Karla Gilbride |
Trump fired Gilbride and two Democratic EEOC commissioners, Charlotte Burrows and Jocelyn Samuels, early last week. On Monday, Public Citizen Litigation Group announced she'd joined the organization and called her ouster "a broader attack by the administration on diversity, equity and inclusion policies in the workplace."
Public Citizen didn't immediately make Gilbride or other leaders available for interviews Monday.
"President Trump fired me for doing the job the Senate confirmed me to do, which was to protect workers from discrimination and ensure that everyone has an equal opportunity to reach their full potential in the workplace," Gilbride said in a statement.
"Firing people because they have advocated on behalf of those protected by our civil rights laws is a retaliatory and discriminatory act, and, unfortunately, I am far from the only person the president has targeted in this way," she said. "The president is not a king, and his power has limits within our constitutional system of checks and balances — checks and balances that, at Public Citizen, I will fight every day to preserve."

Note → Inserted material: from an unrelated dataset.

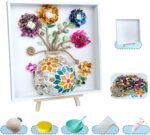 DIY Mosaic Arts Painting Kits with Vase Mosaic Accessories, Handmade Sticker Painting Gem Art Kit for Adults Room or Home Decor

A graduate of Georgetown University Law Center, Gilbride's career had included a stretch at nonprofit legal advocacy organization Public Justice as well as a job with Sanford Heisler Sharp LLP before the U.S. Senate confirmed her as the EEOC's general counsel in October 2023. She was the first blind person to lead the agency's litigation program.
Public Citizen Litigation Group describes itself as a public interest law firm and the litigating arm of Public Citizen, the consumer advocacy organization founded in 1971 by Ralph Nader.
The litigation group specializes in "issues involving consumer health and safety, consumer financial protection, access-to-courts issues such as forced arbitration and class-action standards, government transparency, and the First Amendment," the organization's website says.
"Karla has spent her legal career seeking to protect civil rights and hold powerful corporations accountable for their harmful actions," Allison Zieve, director of Public Citizen Litigation Group, said in a statement. "Her depth of experience and passion for justice will be an enormous asset to Public Citizen Litigation Group as we continue to use the law as a tool to stop abuses of power."
Some experts called the firings illegal and said the Supreme Court may end up reviewing them.
Sen. Bernie Sanders, I-Vt., wrote a letter to the EEOC protesting the firings and demanding information, and sent a similar letter to protest Trump's firings of officials at the National Labor Relations Board.